[Libclc-dev] [PATCH 7/7] Add vstore_half_rte implementation

Wed Jan 31 19:35:35 PST 2018

On Wed, 2018-01-31 at 23:11 +0100, Jeroen Ketema via Libclc-dev wrote:
> The comments on this patch set look a bit funny to me (multiline with
> stars as the left margin, don’t see much of that in LLVM).

These follow other longer comments (such as in erf.cl/erfc.cl). LLVM is
in C++ so it prefers C++ style comments. I agree that libclc codestyle
is inconsistent and can use cleanup, but that's for another day.

> Otherwise, LGTM,

Thanks.

> although I cannot possibly comment on the implementations of the
> rounding functions (I assume these are pretty much standard?).

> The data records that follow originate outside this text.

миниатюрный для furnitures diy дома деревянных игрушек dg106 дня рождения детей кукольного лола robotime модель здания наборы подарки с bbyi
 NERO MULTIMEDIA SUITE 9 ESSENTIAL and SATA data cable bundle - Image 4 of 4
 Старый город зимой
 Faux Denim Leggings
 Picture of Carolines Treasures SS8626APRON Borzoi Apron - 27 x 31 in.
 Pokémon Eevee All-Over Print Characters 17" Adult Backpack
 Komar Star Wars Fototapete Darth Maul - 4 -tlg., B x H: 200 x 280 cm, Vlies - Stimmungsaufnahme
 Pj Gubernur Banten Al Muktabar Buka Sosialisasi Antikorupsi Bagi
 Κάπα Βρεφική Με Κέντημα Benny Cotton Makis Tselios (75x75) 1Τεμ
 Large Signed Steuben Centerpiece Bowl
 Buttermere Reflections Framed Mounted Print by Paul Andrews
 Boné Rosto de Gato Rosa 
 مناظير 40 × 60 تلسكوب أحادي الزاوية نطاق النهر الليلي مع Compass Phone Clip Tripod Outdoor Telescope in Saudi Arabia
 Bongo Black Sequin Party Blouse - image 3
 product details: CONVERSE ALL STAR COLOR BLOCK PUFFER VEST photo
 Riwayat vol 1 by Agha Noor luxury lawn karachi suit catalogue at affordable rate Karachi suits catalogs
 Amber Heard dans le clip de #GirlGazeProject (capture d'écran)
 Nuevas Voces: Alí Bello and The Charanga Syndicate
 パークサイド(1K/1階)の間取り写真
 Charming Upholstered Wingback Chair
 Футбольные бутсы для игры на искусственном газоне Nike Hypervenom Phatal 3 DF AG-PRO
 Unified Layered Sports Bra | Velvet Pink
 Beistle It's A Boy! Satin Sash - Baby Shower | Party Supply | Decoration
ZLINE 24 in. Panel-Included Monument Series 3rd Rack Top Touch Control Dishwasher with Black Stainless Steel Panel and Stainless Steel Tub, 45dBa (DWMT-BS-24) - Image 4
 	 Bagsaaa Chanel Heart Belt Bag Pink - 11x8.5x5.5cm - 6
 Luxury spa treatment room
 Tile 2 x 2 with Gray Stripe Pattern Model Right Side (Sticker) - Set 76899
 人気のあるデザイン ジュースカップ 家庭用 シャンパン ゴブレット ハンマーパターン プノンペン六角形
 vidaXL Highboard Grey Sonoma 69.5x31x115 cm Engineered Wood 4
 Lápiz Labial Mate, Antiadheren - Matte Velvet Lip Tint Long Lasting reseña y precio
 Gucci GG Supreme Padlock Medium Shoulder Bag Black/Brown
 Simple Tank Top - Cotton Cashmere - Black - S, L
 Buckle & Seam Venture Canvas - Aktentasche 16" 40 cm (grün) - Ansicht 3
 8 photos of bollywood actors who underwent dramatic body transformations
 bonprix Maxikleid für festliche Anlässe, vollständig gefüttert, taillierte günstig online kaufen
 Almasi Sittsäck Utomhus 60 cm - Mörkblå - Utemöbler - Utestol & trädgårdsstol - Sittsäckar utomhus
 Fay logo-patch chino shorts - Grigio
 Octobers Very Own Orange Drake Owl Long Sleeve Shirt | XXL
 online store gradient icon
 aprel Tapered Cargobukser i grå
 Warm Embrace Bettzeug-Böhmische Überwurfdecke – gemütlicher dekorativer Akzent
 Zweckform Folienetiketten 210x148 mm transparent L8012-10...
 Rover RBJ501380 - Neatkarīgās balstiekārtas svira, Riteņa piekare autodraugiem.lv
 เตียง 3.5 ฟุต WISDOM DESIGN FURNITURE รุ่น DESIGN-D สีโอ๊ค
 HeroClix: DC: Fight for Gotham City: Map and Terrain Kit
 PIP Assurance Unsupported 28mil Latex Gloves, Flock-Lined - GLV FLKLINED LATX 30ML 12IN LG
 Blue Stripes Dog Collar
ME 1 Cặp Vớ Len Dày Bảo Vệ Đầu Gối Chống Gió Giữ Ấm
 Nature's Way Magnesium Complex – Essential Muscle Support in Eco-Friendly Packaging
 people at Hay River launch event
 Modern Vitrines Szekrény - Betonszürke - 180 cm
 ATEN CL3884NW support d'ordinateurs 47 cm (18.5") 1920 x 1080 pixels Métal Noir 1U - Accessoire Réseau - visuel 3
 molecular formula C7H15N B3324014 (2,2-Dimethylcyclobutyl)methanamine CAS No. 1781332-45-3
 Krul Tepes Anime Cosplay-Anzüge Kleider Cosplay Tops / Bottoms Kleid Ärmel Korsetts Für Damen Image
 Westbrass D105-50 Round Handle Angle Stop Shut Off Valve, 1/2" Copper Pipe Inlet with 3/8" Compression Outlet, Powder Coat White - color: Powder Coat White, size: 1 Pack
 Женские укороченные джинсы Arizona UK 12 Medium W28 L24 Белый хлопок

It's my own implementation, _rtz and _rti round to the nearest half
representable float in that direction (except for high order _rti which
relies on half conversion to convert to Inf).

_rtn/_rtp then just choose from the above too based on sign.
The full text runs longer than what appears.